• Michael

#0012: Escape To The City

Updated: Jun 2, 2020

Tucked up in the peace and tranquillity of the Secret Coast, it's easy to forget that Glasgow, and all it has to offer, is only an hour or so away.

Home of Rennie Mackintosh. Tennents. Ship building. The art school. The Barras. Traffic cone hats.

Glasgow is busy. It’s a bit dirty. It’s huge. A post industrial playground where the shipyards have moved out, to be replaced with bars, restaurants, music venues and art spaces.

In short, it’s a world away from the lochs, forests and glens of home.

But sometimes, busy, dirty and huge is exactly what you need.
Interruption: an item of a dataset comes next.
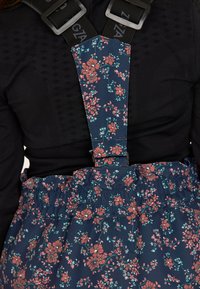 Blommönstrade hängslen har en mörkblå bakgrund med rosa och teal blommor. Tyget är mjukt och har en flädrad midjebandsdesign.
Especially when you’re in search of a bit of entertainment.

And so it was that I found myself at a gig, last week, at SWG3, a disused Customs & Excise warehouse nestled up against the railway arches on a nondescript dead-end street. Once a forgotten corner of town, SWG3 has become Glasgow's foremost arts and culture venue, hosting workshops, events, club nights and a dizzying line up of live music in a sensational industrial space. A little piece of New York's Meatpacking in Glasgow's Anderston.

There's something about music that can take you out of the moment and transport you to a different time and place entirely, bringing to life vivid memories of past events or scenarios which have only ever played out in your head. To me the music of LANY is absolutely intertwined with my life on the Cowal Peninsula. It has soundtracked the long hours I spent renovating the cottage, evenings eating and drinking with friends, and sun kissed days driving along the Secret Coast with the roof down.
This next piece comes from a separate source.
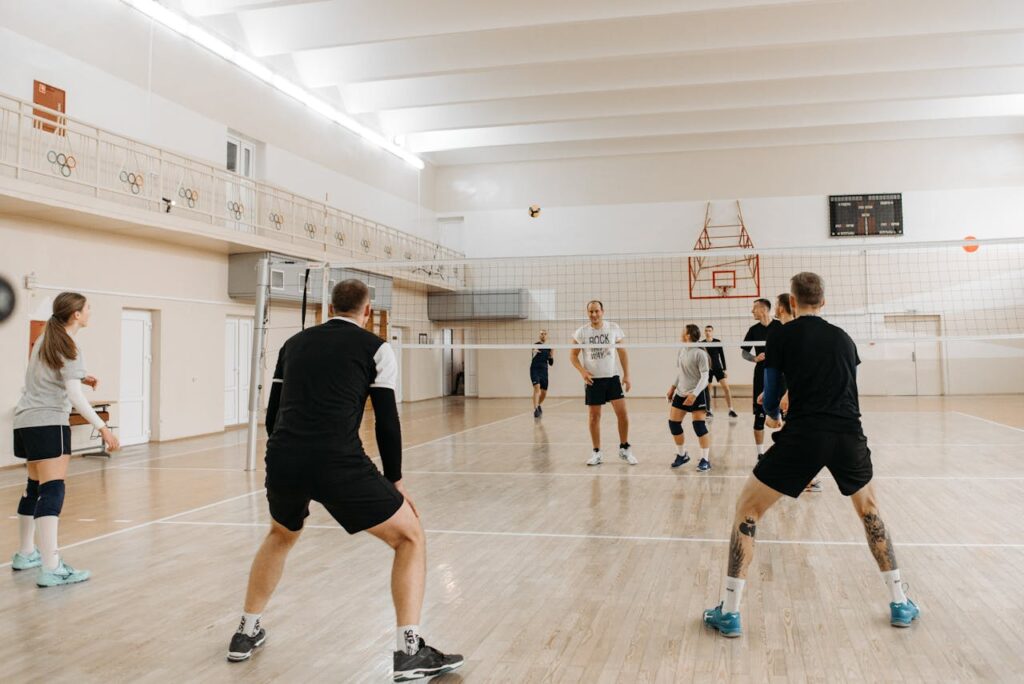 Energetic volleyball match with mixed team players engaging in a competitive game indoors.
This is emotionally impactful, Eighties inflected, synth pop, driven along by beats and melodies that evoke days on the beach dripping in golden light. Warm summer evenings under pink skies. Cloudless, woodsmoke scented nights gazing up at the stars. It's music of love, loss, friendship and optimism.
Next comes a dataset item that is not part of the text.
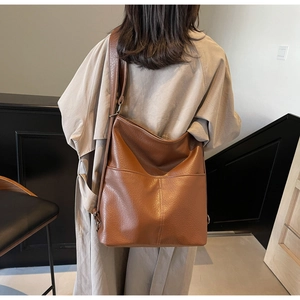 Braune Ledertasche mit breitem Gurt an einem Model für einen stilvollen Look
Five weeks into a global, seventy-five date tour, you'd forgive the band for dialling it in at this smaller gig. But they didn't. Every note was on point. Every visual was mesmerising. The entire performance crackled with energy.

And it wasn't just the band that killed it.

The crowd was on fire.

It's often said that the people make Glasgow. It couldn't have been truer. Every word of every song, the crowd was there, carrying the band along. A few hundred strangers standing shoulder to shoulder and singing into the night.

Both LANY and Glasgow did themselves proud that night, and it was joyous.